Corina Fiorillo realza un texto de Fernando Arrabal de hace medio siglo
por Héctor Puyo
Corina Fiorillo es la directora de «El arquitecto y el emperador de Asiria», de Fernando Arrabal, interpretada por dosactores españoles pero que destila cierto aroma a naftalina en la versión coproducida por el Complejo Teatral de Buenos Aires y el Teatro Español de Madrid, en el San Martín.
Con Fernando Albizu como el emperador y Alberto Jiménez como el arquitecto, la pieza retoma la situación de Robinson Crusoe y un nativo de una isla desierta y da para filosofar con un humor desbocado acerca de la pequeñez de cierta idiosincracia frente al universo y la existencia.

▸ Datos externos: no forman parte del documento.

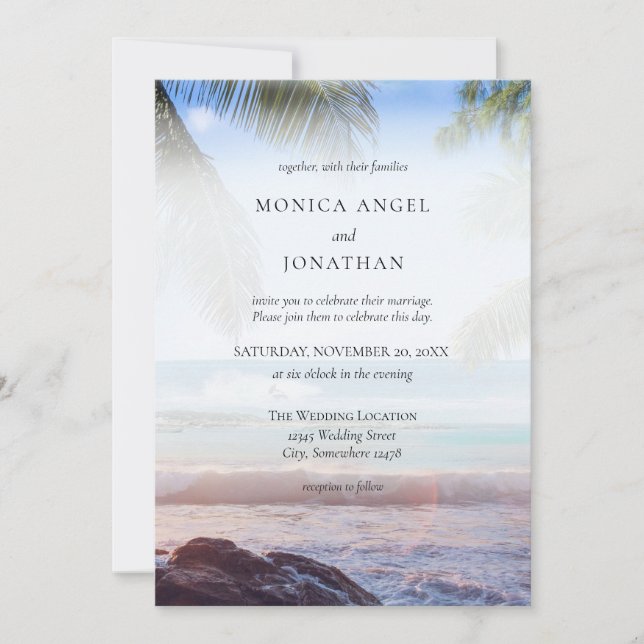Invitation Mariage de Destination de Plage Tropicale aux Palm (Devant)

Para eso el recién llegado se apropia de la convivencia en esa isla en su carácter de europeo, en desmedro del supuesto salvaje al que maltrata sin sospechar que en su ser hay mucho de inteligencia e incluso perfidia.
El supuesto emperador imagina un poder que sólo podría disfrutar en esa isla, quizás en su imaginación, en el que despliega toda clase de egoísmos y de despotismos, como metáfora de una mentalidad repleta de mediocridad.

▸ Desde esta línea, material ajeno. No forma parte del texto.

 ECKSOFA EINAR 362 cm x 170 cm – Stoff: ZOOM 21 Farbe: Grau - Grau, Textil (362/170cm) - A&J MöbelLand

Menos dramático, su antagonista aporta una actitud visiblemente despreocupada, dispuesta al juego que se le plantea y sin el prejuicio de doblegarse a un desconocido, como a la espera de una aventura regocijante.
La pieza data de 1966, fue muy festejada en su momento y forma parte del llamado «teatro pánico», creado en aquella época por Arrabal y otros figurones como Alejandro Jodorowsky y Roland Topor, que convocaba a la figura del dios griego Pan, en el sentido del juego, el deseo desenfrenado, la agresión.

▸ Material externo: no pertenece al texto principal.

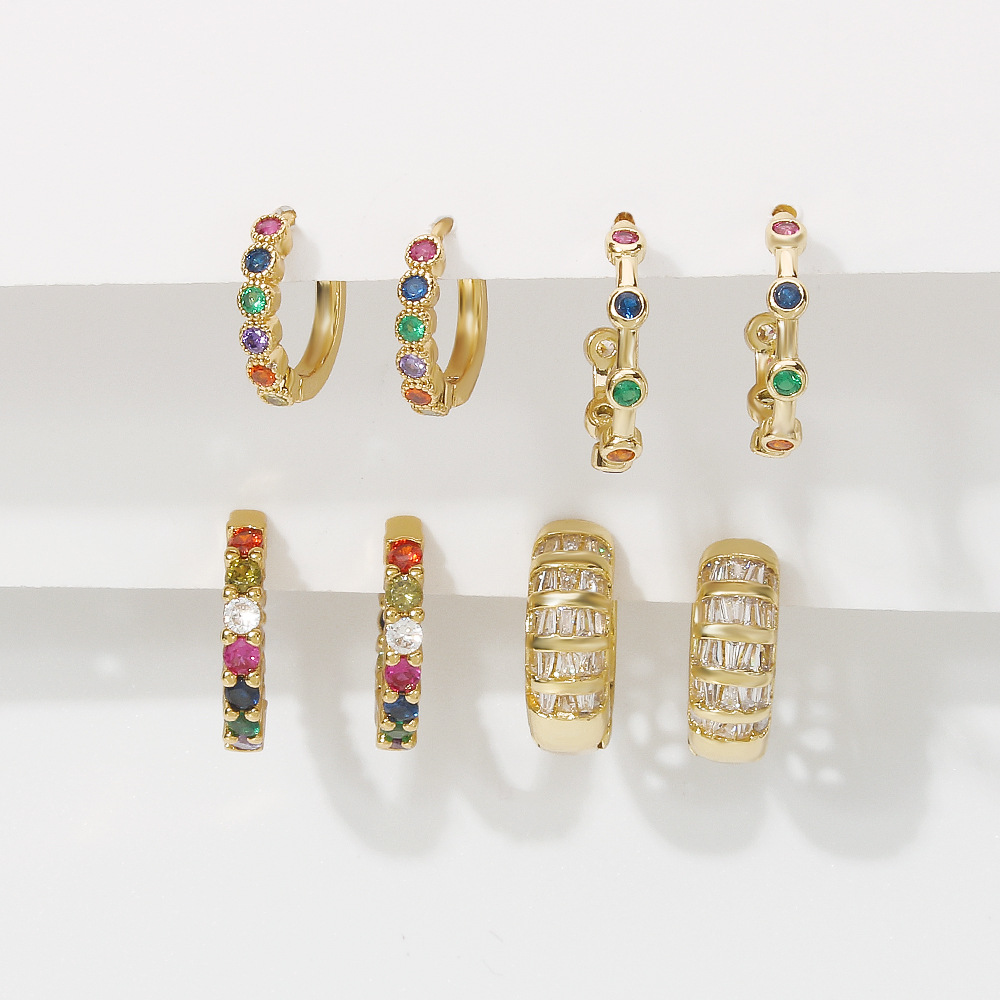 fashion color zircon copper geometric circle ear buckle copper ear clip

Albizu y Jiménez son dos capacitados actores españoles -aunque el segundo abusa del grito y los tonos altos- que dejan la vida en el escenario y se complementan a través de la desigualdad física, pero tienen que soportar más de hora y media en lo que merecería un buen recorte de texto.
Con notoria influencia del teatro del absurdo y del surrealismo, «El arquitecto…» es un ejemplo de lo que fue el sesentismo en la escena europea y que tras un conveniente tamizado revela que el único que queda en pie de esas tendencias es Samuel Beckett.
Hubo varios autores que en aquella época tan dada a las novedades habían heredado además elementos de ciertos movimientos de autores como Alfred Jarry, o más cerca el patafísico Boris Vian, que han perdido esa vigencia eterna que algunos suponían, del mismo modo que ciertos presupuestos políticos de entonces, lo cual quiere decir que pueden subir a escena aunque con retoques y modificaciones.
Pasados los primeros minutos el espectador se encuentra frente a un «déjà vu» de repeticiones, humillaciones, ambigüedades sexuales y cambios de roles que ya no causan el mismo efecto que hace medio siglo, además del notorio desgaste físico de los actores.
Lo que en aquel momento era de ruptura y tenía su poesía, 50 años después fue superado por distintas concepciones teatrales, europeas y aun argentinas, con figuras directrices de gran prestigio dentro y fuera de fronteras.
Por eso la directora Fiorillo, muy estimada y versátil, con varias obras en cartel en Buenos Aires, adopta una conducta de desparpajo, juega con sus intérpretes a la manera de Laurel y Hardy, y hasta los hace lucir sus asentaderas desnudas en más de una oportunidad, alguna muy divertida, otras no.
Lo que no está es la profundidad del mensaje pretendido por Arrabal en los años 60; lo que aparece es otra cosa, incluso con poéticos momentos donde el más débil se derrumba sobre un círculo de papeles ubicado en el centro de la escena -la escenografía es obra del notable Norberto Laino-, pero la segunda parte se hace cuesta arriba.
Allí aparecen cuestiones de identidad, un juicio sumario que abreva en el psicoanálisis, un uso excesivo de máscaras -también de Laino- y algún monólogo larguísimo de Albizu, a la espera del cierre circular con inversión de papeles.
«El arquitecto y el emperador de Asiria» se ve en la sala Cunill Cabanellas del Teatro San Martín, Corrientes 1530, de martes a domingos a las 20.30.